Method: The method uses an automatic approach to align a CAD model of the prosthesis to the post-operative x-ray. A rendering of the prosthesis is produced and overlaid onto the post-operative x-ray image. The prosthesis can be rotated and translated in 3D to match the outline of the rendering shown on the post-operative x-ray. An initial manual procedure is used to align the rendering of the bone surface from pre-operative CT to the bony anatomy on the post-operative x-ray. This manual registration position is then used as a starting position for an automated intensity-based registration algorithm.
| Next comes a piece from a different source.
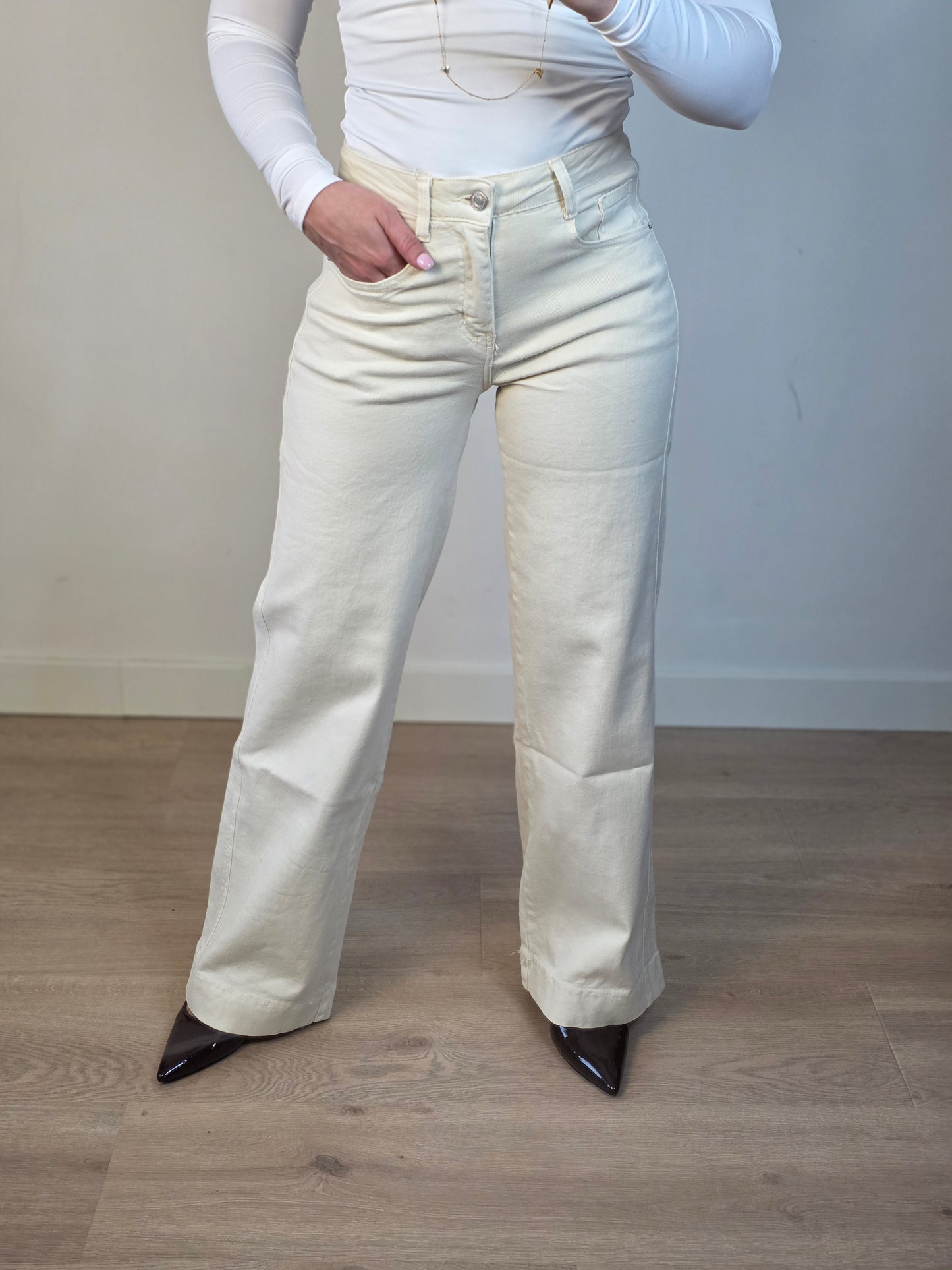 Wide leg jeans beige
Results: The automated intensity-based registration algorithm allowed 3D verification of the prosthesis position. A number of digitally reconstructed radiographs (DRRs) were produced by casting rays through the pre-operative CT volume. The DRRs were then compared with the post-operative X-ray image using a similarity measure. This similarity measurement was optimised using gradient decent-type search strategy to alter the rotation and translation parameters. If the Hounsfield numbers of the voxels, which the casting rays passed through, were integrated along the ray and projected onto an imaging plane, a radiograph-like image was produced. To concentrate the area of registration and thus quicken registration algorithm, the user also manually defined a region of registration interest. Hence, DRRs were only produced within the region of interest. Due to the large size of the pelvis and tube-like nature of the femur and tibia, a total of 10 starting positions were used for this algorithm. These starting positions were found by adding random Gaussian noise to the parameters found using the manual process. The registration position was defined as the final position that produced the best similarity measurement value.

Conclusion: Validation has demonstrated this method’s accuracy in calculating the post-operative position of acetabular and knee prostheses with respect to the pre-operative plan. The results are repeatable, robust and enable pre- and post-operative 3D implant position comparison. The inaccuracies observed with conventional methods due to incorrect alignment on x-ray are reduced.